I had just finished penning a note in the card, slid the card into the envelope I’d pre-addressed, sealed the envelope shut and affixed the Hallmark Gold Crown seal when I remembered Edson had bought us both Chinese seals when he was in Singapore last month. The characters on the seals are supposed to sound close to our names or some such thing. Atop each is a carving of our sign in the Chinese zodiac. They are both made of stone and each is packaged in a lovely silk-adorned and lined box that also holds a ceramic container of cinnabar seal ink paste.

Since we have no practical use for such a thing, I like to use it to adorn cards and letters. When I’m not sending cards and letters it sits on the shelf beside Edson’s, a couple shell necklaces from our trip to Boracay, a few AA batteries and some business cards. We look at the names on the business cards from time to time and ask each other who most of these people are. We really have no idea. We must have met and exchanged cards with them at some event. Ours are probably in their homes on a shelf or drawer too. Every once in a while they will come across ours and ask themselves the same question. Which reminds me, I’m running short on business cards.

Again I digress.

I removed the box from the shelf and sat it on the table beside and opened it. I removed the contents and noticed something else inside.

Ants.

We’ve had some problems with ants the past two months. They’re just little ants and appear a dozen here or there at a time. They’re annoying and I kill them. Edson says they’re a sign of luck or some such thing.

I kill them.

I question why they’re here. We don’t have anything in our kitchen, really. We don’t cook. There’s very little foodstuff for them, not that ants eat much.

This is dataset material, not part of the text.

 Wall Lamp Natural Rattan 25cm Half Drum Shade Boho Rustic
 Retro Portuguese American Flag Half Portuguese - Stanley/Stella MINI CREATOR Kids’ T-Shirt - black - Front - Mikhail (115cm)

I tapped them out of the box and killed the 5 or 6 that fell out, picked up the seal, noticed more near the box, and killed those. I turned the box upside-down again and tapped it harder this time to get the rest out. When I did, I noticed the red silk lining was coming apart from the side of the box and inside I saw more ants. I began to pound the box down instead of just tapping. When I did, hundreds of ants spilled out onto the table.

We had been invaded! Five or six queens, their rears puffed-up to exploding were amongst the others and eggs.

Bam!

Smack!

Pound!

My flip-flop came down hard over and over again, crushing the ants until all were dead.

I washed the bodies from the sole of my flip-flop and cleaned the carnage from the table and swept the floor, flushing them all down the toilet like dead pet goldfish.

“Good luck”, I thought. I had just flushed our good luck down the toilet.

Good.

I finally did finish printing the seal on the envelope and getting it in the mail, but by the time I did I was also 45 minutes late for a meeting I was supposed to have with a friend.

Great.

A late genocidal maniac. In our little game of charades, I'll have to take up the problem of being punctual while committing genocide with Adolf and Pol, if I may use their first names.

No, it wasn't rock 'n roll.

1 comment:

Anonymous said...

If they were in your box, what about Edson's? Did you think of that? If I could be there I would help commit genocide on the ants for you.